Indeed, stepping back to regard the bigger picture, this “problem” is no different from the enormous traffic problem paralysing Metro Manila. The traffic problem in Metro Manila is also a result of private interests deliberately hindering traffic flow between ring-fenced enclaves, private infrastructure domains, and zones made exclusive by nothing more than illegal entitlement.

There is a bigger principle at work here that is a common denominator that underlies both the water and traffic “crises” that crush the spirits of the inhabitants of an entire major capital magalopolis. The good news here is that at the root of these vast engineered crises are just a tiny handful of powerful players — two or three huge private oligarch-run corporations engaged in the “development” of property and infrastructure and just two “regulators” who are likely to be in their payroll — the MWSS, in the case of water supply, and the Metro Manila Development Authority (MMDA) perhaps, in the case of traffic.

As such, the solution is, in essence, a top-down one. It could begin by having the National Bureau of Investigation (NBI) initiate an investigation of the Boards of Directors and Trustees of these corporations and government agencies focusing on how complicit their top executives are in perpetuating problems that could have been easily solved if they had done their jobs properly.

Best of all, this is campaign season and candidates desperate for fodder for campaign promises are in the homestretch of their campaigns. This is a high-profile issue with an obvious solution that impacts ordinary voters and has on exhibit lots of big juicy heads that could be made to roll when and if the NBI steps up to the challenge and gets the wheels of justice spinning.

It’s time.

9 Replies to ““Open the bypass!” Are we talking about water flow or vehicle traffic?”

  1. Virtually every problem in this country has been deliberately engineered so that some small minority can benefit. Those that haven’t been engineered are down to simple incompetence.

    I see exactly the same thing happening all the way down the chain: Filipinos screwing each other over such that person A loses bigstyle simply so that person B can get some trivial advantage. It’s no surprise that it happens at the uppermost levels.

  2. It is always the case in our country…the minority; that is : the Feudal Oligarchs; the big corporations; the powerful family political axis; and the TraPos; control the lives of the majority, that is the common people, like you and me.

    During elections, like this coming election; you just look at who those candidates who are; promising us , “pie in the sky” : that our lives will be better, after they are elected. After election, promises made are not fulfilled. We all go back to our wretched lives. This has been our condition, ever since. It will be our condition always, if we don’t take the matter, into our own hands, to solve the problems , by ourselves.

    So, wake up, indolent Filipinos !

  3. Typical Filipinos, can’t find solutions to age old problems that has been plaguing them for years now. Pure laziness right there.

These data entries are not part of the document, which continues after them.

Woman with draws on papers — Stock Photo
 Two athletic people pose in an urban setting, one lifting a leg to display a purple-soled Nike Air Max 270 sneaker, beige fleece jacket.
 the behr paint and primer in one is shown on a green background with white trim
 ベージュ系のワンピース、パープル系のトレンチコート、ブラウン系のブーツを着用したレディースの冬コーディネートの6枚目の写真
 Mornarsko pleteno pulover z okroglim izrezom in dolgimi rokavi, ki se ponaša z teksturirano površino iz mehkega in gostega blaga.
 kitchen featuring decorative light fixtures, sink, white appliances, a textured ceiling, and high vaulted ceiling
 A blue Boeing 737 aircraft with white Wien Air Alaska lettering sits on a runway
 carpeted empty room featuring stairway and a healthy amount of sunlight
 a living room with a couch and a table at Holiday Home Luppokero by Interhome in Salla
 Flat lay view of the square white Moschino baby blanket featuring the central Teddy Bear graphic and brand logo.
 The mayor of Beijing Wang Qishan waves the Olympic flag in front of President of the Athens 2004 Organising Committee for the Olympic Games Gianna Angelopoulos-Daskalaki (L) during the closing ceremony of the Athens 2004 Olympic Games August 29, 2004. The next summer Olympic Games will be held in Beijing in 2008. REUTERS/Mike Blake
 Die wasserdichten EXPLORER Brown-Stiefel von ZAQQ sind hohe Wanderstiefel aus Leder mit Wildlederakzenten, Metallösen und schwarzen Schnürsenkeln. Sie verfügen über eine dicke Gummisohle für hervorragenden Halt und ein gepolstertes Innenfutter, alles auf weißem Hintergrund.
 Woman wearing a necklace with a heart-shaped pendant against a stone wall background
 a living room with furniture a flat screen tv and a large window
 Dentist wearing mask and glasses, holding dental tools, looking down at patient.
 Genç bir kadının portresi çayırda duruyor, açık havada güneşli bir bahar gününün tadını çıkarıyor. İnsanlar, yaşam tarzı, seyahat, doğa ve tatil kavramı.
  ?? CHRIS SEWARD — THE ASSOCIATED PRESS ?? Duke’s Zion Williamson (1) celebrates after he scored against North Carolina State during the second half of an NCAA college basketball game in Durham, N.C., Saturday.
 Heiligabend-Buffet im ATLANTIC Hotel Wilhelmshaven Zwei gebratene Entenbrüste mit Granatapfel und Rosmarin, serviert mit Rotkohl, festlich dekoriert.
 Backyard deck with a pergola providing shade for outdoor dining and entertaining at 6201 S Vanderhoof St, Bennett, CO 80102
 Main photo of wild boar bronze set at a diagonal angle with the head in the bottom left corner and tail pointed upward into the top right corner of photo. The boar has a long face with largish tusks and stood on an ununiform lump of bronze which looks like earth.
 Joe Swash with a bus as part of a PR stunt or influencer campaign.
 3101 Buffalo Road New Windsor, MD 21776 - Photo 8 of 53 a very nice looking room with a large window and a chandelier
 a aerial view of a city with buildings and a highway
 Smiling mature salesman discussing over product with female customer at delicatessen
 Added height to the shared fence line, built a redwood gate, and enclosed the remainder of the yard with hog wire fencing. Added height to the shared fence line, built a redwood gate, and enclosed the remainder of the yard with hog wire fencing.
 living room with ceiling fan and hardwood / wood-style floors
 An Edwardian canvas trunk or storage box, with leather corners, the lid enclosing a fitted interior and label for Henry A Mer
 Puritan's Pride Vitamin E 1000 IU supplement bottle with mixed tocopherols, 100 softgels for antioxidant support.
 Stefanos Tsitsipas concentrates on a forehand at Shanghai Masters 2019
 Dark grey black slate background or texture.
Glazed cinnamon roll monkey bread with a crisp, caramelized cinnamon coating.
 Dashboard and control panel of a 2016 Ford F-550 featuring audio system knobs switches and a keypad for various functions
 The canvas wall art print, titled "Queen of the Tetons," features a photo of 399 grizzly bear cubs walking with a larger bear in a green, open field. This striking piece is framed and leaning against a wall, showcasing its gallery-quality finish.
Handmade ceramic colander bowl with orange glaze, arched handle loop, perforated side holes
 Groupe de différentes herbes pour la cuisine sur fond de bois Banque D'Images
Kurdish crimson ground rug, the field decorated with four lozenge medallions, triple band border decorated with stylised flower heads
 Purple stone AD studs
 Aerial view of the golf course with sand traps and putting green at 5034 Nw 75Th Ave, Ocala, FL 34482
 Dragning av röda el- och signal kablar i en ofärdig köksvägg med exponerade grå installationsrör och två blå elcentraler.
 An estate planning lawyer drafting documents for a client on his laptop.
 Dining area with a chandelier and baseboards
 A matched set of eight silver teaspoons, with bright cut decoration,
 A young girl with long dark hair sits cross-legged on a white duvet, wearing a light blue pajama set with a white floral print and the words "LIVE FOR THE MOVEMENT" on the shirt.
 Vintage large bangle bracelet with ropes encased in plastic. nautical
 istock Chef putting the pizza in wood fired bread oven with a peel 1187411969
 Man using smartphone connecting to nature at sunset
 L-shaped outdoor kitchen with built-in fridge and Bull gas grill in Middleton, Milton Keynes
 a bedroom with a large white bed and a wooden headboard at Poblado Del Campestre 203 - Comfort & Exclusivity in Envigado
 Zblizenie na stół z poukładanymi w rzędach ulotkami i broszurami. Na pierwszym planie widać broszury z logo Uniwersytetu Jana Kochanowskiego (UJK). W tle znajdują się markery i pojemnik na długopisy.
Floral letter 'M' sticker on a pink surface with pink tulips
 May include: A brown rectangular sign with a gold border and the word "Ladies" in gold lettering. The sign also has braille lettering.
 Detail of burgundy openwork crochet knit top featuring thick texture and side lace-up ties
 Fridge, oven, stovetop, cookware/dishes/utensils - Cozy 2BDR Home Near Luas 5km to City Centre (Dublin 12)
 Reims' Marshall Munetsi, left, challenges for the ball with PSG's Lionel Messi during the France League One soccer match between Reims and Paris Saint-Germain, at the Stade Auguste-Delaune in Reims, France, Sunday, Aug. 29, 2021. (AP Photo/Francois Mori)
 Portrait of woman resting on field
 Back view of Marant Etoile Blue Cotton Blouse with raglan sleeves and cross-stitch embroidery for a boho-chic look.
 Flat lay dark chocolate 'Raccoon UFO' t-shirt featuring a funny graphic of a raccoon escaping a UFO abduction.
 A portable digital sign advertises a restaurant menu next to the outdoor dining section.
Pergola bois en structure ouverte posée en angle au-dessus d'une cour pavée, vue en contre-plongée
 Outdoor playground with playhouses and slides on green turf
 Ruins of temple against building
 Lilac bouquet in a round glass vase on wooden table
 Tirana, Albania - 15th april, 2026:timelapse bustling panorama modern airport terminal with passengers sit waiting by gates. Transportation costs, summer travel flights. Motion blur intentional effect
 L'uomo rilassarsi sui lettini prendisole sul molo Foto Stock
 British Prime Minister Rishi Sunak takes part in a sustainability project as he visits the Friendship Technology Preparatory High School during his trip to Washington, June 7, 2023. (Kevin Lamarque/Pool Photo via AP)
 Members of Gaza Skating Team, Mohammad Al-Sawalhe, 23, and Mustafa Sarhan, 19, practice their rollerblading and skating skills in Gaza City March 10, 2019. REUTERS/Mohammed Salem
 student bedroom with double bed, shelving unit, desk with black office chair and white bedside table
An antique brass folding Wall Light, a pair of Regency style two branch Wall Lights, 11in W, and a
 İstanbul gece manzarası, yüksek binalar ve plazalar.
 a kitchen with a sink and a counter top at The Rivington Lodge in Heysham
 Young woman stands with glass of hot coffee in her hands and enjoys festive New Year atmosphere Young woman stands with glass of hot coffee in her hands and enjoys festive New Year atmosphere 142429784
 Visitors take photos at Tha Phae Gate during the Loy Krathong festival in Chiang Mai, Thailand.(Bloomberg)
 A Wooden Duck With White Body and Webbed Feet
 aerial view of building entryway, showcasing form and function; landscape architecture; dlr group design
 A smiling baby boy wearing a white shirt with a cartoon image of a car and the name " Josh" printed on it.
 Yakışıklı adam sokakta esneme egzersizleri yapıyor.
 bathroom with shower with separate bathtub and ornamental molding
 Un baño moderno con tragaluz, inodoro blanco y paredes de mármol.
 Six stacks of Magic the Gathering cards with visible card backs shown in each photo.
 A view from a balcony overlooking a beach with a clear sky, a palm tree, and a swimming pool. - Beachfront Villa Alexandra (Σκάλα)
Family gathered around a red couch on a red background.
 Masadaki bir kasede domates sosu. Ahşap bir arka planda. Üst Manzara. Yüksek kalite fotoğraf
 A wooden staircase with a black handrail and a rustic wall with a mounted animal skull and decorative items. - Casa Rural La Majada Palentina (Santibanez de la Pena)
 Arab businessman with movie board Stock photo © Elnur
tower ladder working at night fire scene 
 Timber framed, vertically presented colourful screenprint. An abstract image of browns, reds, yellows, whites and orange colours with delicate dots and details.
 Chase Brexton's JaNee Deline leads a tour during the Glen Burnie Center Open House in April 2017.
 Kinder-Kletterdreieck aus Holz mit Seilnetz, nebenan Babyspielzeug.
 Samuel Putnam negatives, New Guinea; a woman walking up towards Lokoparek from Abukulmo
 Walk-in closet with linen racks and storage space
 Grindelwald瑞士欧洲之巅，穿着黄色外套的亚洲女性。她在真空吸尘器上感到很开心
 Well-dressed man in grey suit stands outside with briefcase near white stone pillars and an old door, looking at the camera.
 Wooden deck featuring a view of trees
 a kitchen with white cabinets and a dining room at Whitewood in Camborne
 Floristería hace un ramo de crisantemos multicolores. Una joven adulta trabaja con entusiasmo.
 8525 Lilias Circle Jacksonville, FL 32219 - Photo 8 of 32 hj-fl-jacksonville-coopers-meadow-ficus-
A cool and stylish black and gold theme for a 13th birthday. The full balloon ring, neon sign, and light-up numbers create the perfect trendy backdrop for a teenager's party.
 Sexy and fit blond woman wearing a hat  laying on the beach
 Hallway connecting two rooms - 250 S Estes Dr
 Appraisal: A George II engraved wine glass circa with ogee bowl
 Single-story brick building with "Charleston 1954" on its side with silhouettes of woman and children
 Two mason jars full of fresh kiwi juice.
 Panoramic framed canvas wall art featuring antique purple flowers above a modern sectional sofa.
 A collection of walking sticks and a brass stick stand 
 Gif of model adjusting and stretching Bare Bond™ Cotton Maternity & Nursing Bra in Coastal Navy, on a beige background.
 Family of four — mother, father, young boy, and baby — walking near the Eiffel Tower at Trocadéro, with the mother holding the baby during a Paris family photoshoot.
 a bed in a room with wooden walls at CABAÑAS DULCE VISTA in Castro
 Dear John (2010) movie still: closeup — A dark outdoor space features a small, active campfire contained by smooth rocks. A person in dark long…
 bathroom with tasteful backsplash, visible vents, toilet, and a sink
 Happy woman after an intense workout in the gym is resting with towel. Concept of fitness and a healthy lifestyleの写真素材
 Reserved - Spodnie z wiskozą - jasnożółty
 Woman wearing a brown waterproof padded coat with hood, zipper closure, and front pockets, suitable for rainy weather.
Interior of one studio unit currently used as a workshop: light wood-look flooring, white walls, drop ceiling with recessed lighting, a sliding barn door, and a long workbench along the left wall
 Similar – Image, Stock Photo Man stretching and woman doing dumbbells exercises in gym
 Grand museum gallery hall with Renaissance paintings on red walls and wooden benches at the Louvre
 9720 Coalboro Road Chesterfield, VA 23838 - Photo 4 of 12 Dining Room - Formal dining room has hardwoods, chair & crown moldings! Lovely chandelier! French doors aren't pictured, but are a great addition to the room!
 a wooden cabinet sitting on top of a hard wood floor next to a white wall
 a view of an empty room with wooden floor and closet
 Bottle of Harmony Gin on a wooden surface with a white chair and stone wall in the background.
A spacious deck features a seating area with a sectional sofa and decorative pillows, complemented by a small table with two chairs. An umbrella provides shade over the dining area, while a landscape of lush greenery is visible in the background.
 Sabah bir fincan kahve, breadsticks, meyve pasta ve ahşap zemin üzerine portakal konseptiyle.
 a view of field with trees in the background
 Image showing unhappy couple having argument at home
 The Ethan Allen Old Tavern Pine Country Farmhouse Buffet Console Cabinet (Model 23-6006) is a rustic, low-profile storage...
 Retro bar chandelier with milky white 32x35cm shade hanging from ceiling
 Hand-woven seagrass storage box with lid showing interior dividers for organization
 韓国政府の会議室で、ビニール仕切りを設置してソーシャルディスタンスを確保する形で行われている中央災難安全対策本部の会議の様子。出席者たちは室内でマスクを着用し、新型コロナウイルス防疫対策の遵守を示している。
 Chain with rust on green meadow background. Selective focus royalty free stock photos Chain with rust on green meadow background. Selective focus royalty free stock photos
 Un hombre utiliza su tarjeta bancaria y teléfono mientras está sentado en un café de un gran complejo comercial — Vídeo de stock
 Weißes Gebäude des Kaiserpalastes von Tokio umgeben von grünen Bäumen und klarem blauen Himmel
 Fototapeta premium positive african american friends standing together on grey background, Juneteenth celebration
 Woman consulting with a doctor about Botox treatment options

    1. @SNODAX: it’s worse than laziness. Achieving the rock-bottom state of the Philippines requires active malevolence.

  4. Remember the artificial rice shortage sometime ago? What happened there? It is surefire same thing will happen here, nothing, it will pass, no conviction, no criminal, no crime. I just love a society without crime.

  5. The eye of true equality often seems to have some degree of disrespect for the supposedly accomplished, privileged high and lofty to the supposedly accomplished, privileged high and lofty, although in reality, it’s simply irrespectiveness.

  6. There’s “Long-term planning” that gets washed away from” short-term memory”. Most Philippine cities do not have concrete urban planning.